# Happy Birthday to a fractured nation



## mark handler (Jul 4, 2018)

Happy Birthday to a fractured nation


----------



## jar546 (Jul 4, 2018)

Happy 4th to you too.  Yep, agree.


----------



## ICE (Jul 4, 2018)

Well then since the door for political discourse has been thrown open  .....   I do not agree.   The nation is not fractured just because we have two or a dozen sides with many issues.  The news machine stirs up a storm to stay relevant.  Our current leaders are truly looking out for the USA; as they should be.  The other side is content to sit on their hands when they are not busy wringing them.


----------



## conarb (Jul 4, 2018)

I found this chart interesting:


----------



## mark handler (Jul 4, 2018)

ICE said:


> I do not agree.


The United States of America is more divided now than it has been since the civil war.
The two major parties disagree on if certain problems even exist, and most voters vote not in support of their candidate, but in opposition to the opposing one.
It seems like the people of the country are truly of different nations.


----------



## Francis Vineyard (Jul 5, 2018)

Ones perspective is relative to times we live in, to promote facts, propaganda and rumors to mobilize and convince others, even before President Lincoln.

For instance "The process of "tar and feathering," for example, was brutally violent. Stripped of clothes, covered with hot tar, and splattered with feathers, the victim was then forced to parade about in public. Unless the British Army was close at hand to protect Loyalists, they often suffered bad treatment from Patriots and often had to flee their own homes.
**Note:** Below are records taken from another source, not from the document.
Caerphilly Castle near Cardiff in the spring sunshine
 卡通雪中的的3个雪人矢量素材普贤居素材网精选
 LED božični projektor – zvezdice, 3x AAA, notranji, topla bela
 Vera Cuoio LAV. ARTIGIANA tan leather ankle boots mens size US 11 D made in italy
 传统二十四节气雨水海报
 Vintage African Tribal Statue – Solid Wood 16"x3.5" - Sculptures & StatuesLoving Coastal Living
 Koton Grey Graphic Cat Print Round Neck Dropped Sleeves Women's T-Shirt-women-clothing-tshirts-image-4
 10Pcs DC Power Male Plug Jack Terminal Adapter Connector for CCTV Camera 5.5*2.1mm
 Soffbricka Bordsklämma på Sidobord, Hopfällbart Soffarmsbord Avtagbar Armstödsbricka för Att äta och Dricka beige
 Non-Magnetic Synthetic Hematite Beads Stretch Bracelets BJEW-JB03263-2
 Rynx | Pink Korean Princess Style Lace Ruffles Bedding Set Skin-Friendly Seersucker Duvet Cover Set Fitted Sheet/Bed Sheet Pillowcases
About one-in-six Americans was an active Loyalist during the Revolution, and that number undoubtedly would have been higher if the Patriots hadn't been so successful in threatening and punishing people who made their Loyalist sympathies known in public." 
http://www.ushistory.org/us/13c.asp

1.  "The man who never looks into a newspaper is better informed than he who reads them, inasmuch as he who knows nothing is nearer to truth than he whose mind is filled with falsehoods and errors.  He who reads nothing will still learn the great facts, and the details are all false." ~Thomas Jefferson to John Norvell, 1807. ME 11:225 

2.  "I deplore... the putrid state into which our newspapers have passed and the malignity, the vulgarity, and mendacious spirit of those who write for them... These ordure’s are rapidly depraving the public taste and lessening its relish for sound food.  As vehicles of information and a curb on our functionaries, they have rendered themselves useless by forfeiting all title to belief... This has, in a great degree, been produced by the violence and malignity of party spirit." ~Thomas Jefferson to Walter Jones, 1814. ME 14:46

3.  "As for what is not true, you will always find abundance in the newspapers." Thomas Jefferson to Barnabas Bidwell, 1806. ME 11:118 

4."Advertisements... contain the only truths to be relied on in a newspaper." ~Thomas Jefferson to Nathaniel Macon, 1819. ME 15:179

5.  "Nothing can now be believed which is seen in a newspaper.  Truth itself becomes suspicious by being put into that polluted vehicle." ~Thomas Jefferson to John Norvell, June 11, 1807


----------



## Builder Bob (Jul 5, 2018)

The issue at hand is instant access to media and the use of social media - times in the past were not so quick to be presented without factual checking of the materials presented - it took time for film to develop and process --- Now it is on a cell phone, placed on social media, starts getting hits, beig media company picks it up and runs with it.... even editing the media post to make it look more dramatic than it is....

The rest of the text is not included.